With the most modern aircraft in service and most number on order the three Air Lines Emirates, Etihad and Qatar Airlines offer fiercely competitive prices through hubs that operate 24 hours where transiting is more pleasurable than flying. The unbelievable service excellence on offer includes on board showers and bedrooms. Even the modest traveller in coach class would prefer an Aircraft that has on-board showers!  

For many years Sri Lankan airlines has been operating to Europe incurring heavy operational losses. Its presence in Europe has been on the imprecise obligation imposed on it by our nation’s tortured history. The purpose of the national carrier is to bring in the hordes of tourists. It is strange that no one insists that ferrying housemaids to Arabia is also its prerogative!  

 

"Giovanni Bisignani CEO of IATA in 2011 Author of ‘Shaking the Skies’"

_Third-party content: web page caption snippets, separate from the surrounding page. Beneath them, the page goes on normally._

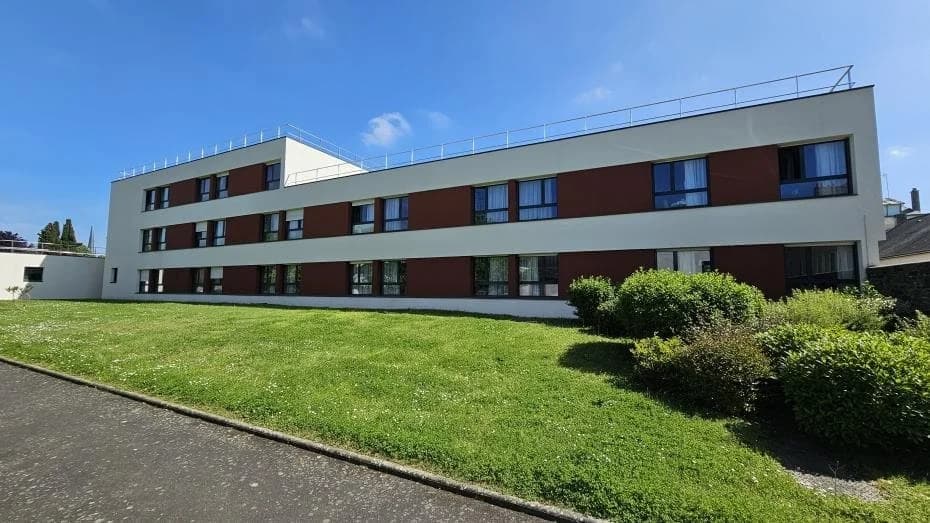 Photo 3 de Residence Du Faubourg Saint Venerand, EHPAD à Laval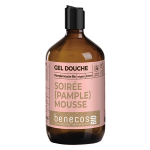 Benecos gel douche pamplemousse bio 500ml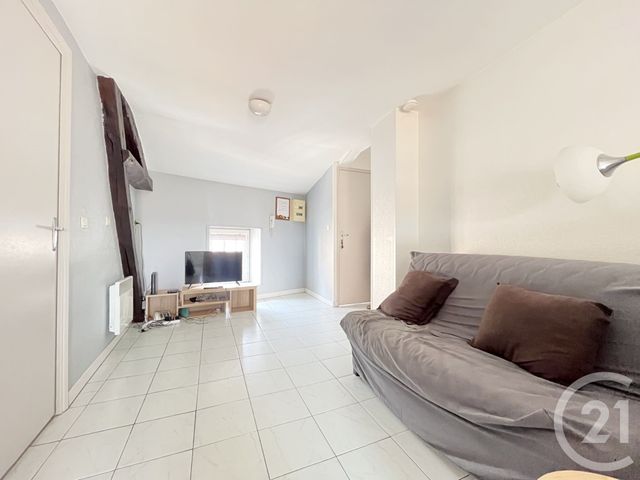 Appartement T2 &agrave; louer - 2 pi&egrave;ces - 34,51 m2 - Albi - 81 - MIDI-PYRENEES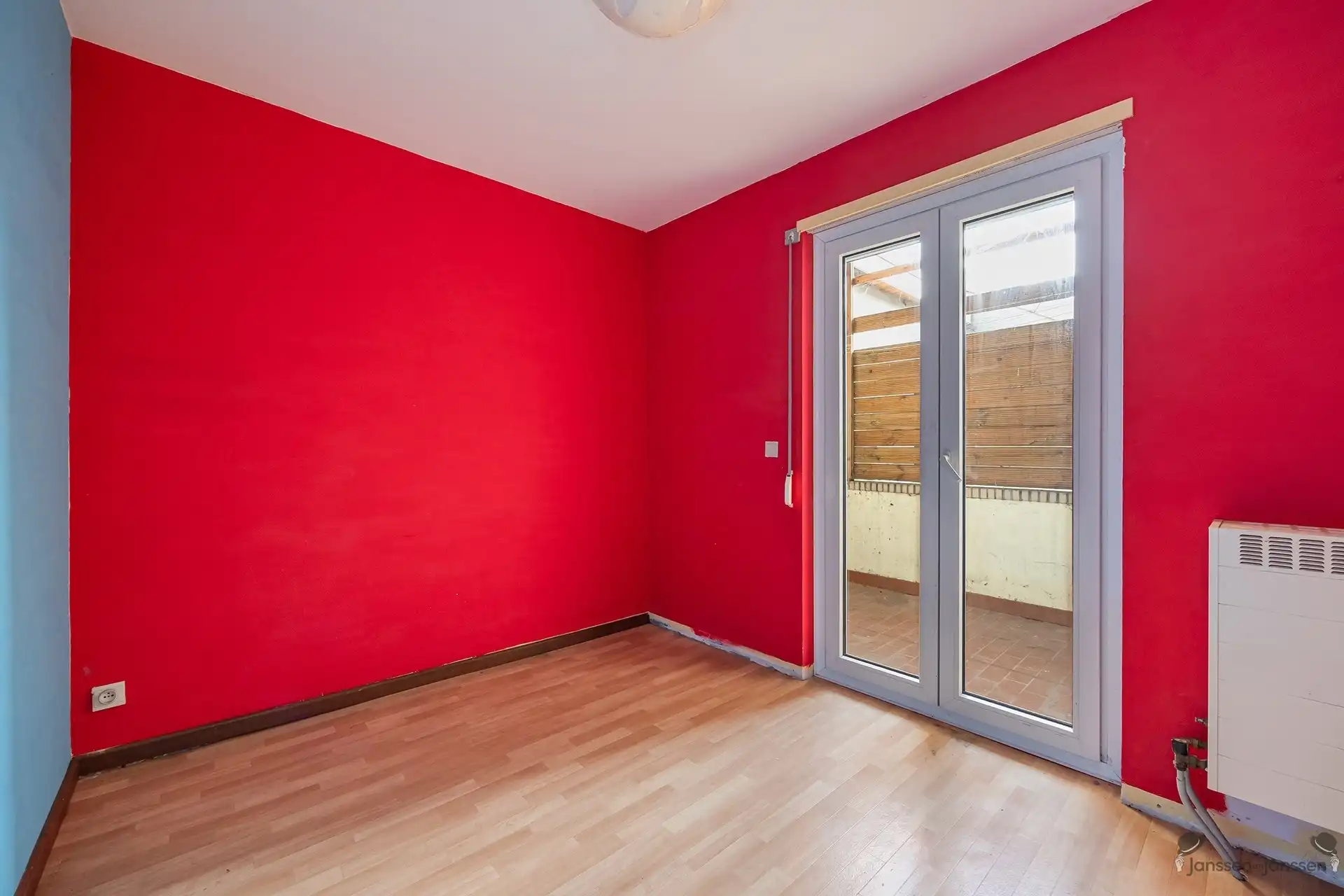 Charmant appartement van 83m² nabij centrum Merksem. foto 12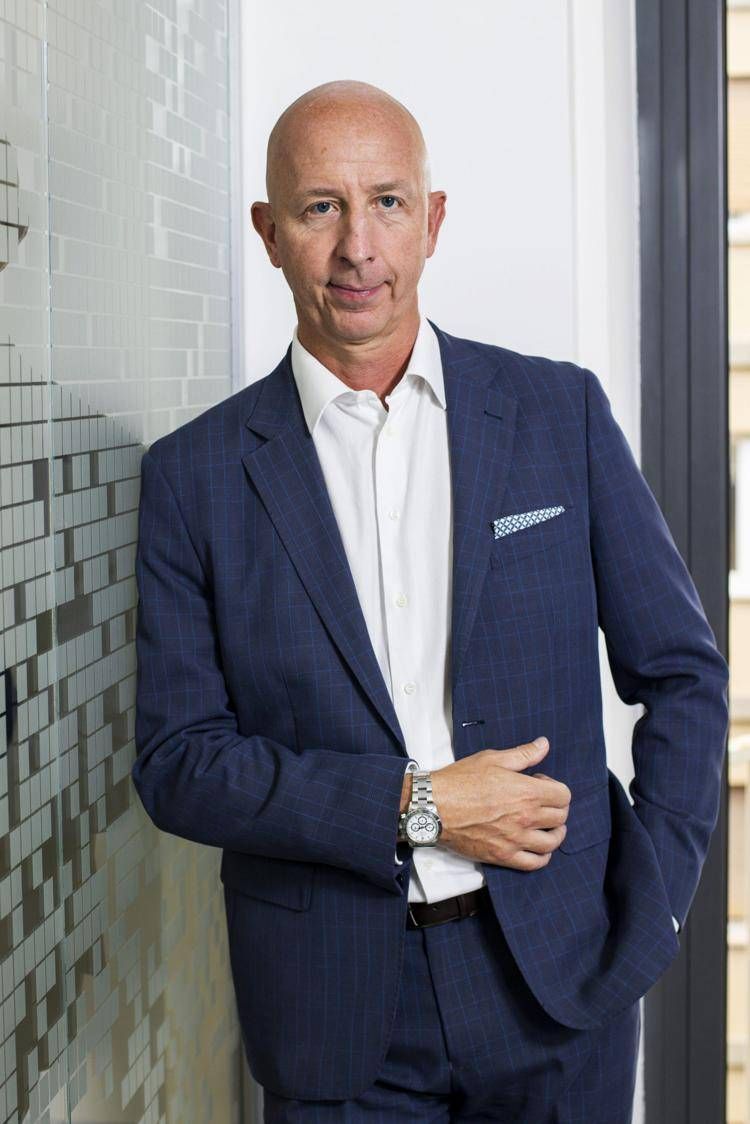 Kaspersky_Cesare DAngelo_General Manager Italia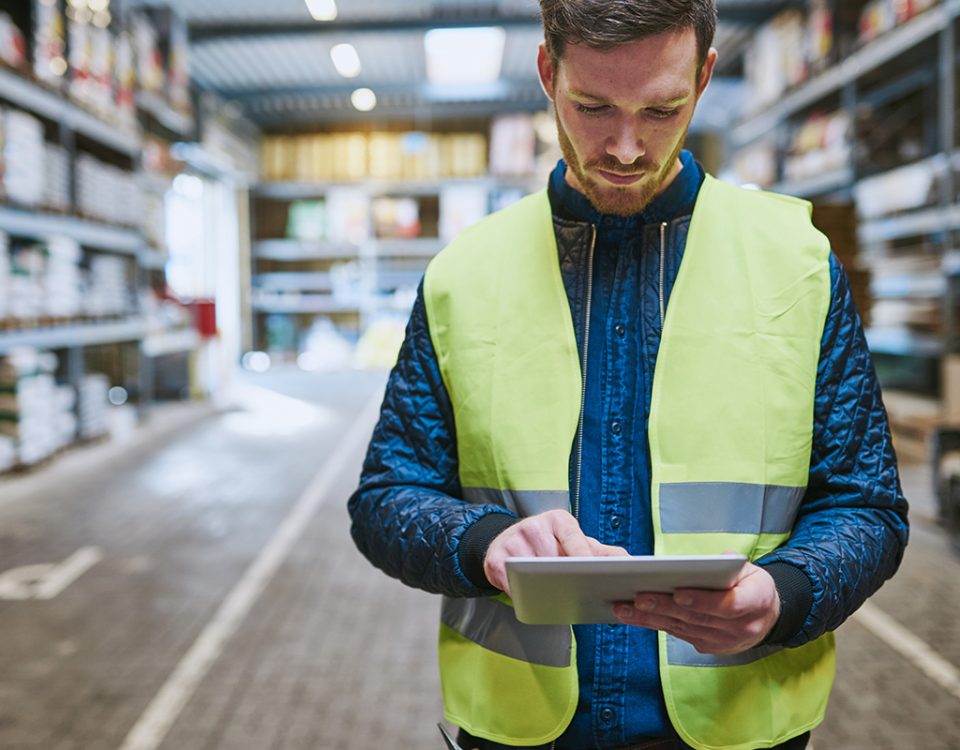 Blue Collar Worker Detoxification Programs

From eighties to mid-nineties Air Lanka was used willy-nilly by an organised cabal of a new variety of  travel agents to ferry thousands of Tamils across to safe havens in North America and Europe. It was in effect the proverbial Noah’s ark for a substantial segment of the Tamil diaspora. It helps to look back with no anger.  It clears one’s vision to chart the path ahead.

The high spending tourist, the discerning honeymooners, culture buffs and the fastidious golfer who would tee off in Colombo, sip an afternoon beer at Digana and retire with a cigar at the Hill Club were the phantom fads pursued by successive marketers of the national airline. [Yours truly counted amongst them]  
The hard reality is different. Sri Lanka is an attractive but not an exceptionally enticing long-haul destination. It does not make sense to pay a comparatively high air fare to Colombo when there are plenty of beaches and golf courses in mass market destinations in the Adriatic, the   Mediterranean,  the Persian Gulf and further east up to the Indonesian archipelago.

Only mega carriers with saturated frequencies and enormous capacity could offer competitive airfares to Colombo with the new marketing techniques of Revenue Management precluded by ad hoc scheduling of a small airline with a meagre fleet.

Airlines have funny tariffs.  Travelling from Sydney to Colombo via Doha or Dubai is cheaper than flying via Singapore, Malaysia or Hongkong.  It is cheaper, more comfortable and more flexible in itinerary planning to travel Colombo London via Singapore. Most patriotic Sri Lankans who abhor targeted taxation even if it is a one-time tax, prefer comfort and flexibility via Singapore, Doha and Dubai. The possibility of winning a brand new automobile in duty-free lotteries while in transit is real.     

The foundational myths shaped in the halcyon days of tourism in the late sixties and seventies persist to this day. Those were times when back to back holiday makers were disgorged from chartered aircraft until 1983, hit hard. Airlanka then stepped in to rescue a threatened industry and took comfort in the false notion that it was a national endeavour where profit was not a priority. Next to foreign policy, aviation had the highest number of experts in the watering holes of Colombo until the Colombo Stock Exchange made its debut.  Today it has come full circle.  

Sri Lankan Airlines has no way of linking Europe on its own in this competitive climate. If the hoteliers and the tourism industry needs Sri Lankan airlines to operate to Europe they will have to underwrite the cost of operations.

The solution is staring at any dispassionate observer. Sri Lankn Airlines is not the preferred carrier in any of the european markets it operates to. This inescapable reality cannot be wished away by any number of marketing platitudes. Dull and dreary selective statistics are not substitutes for demonstrated performance.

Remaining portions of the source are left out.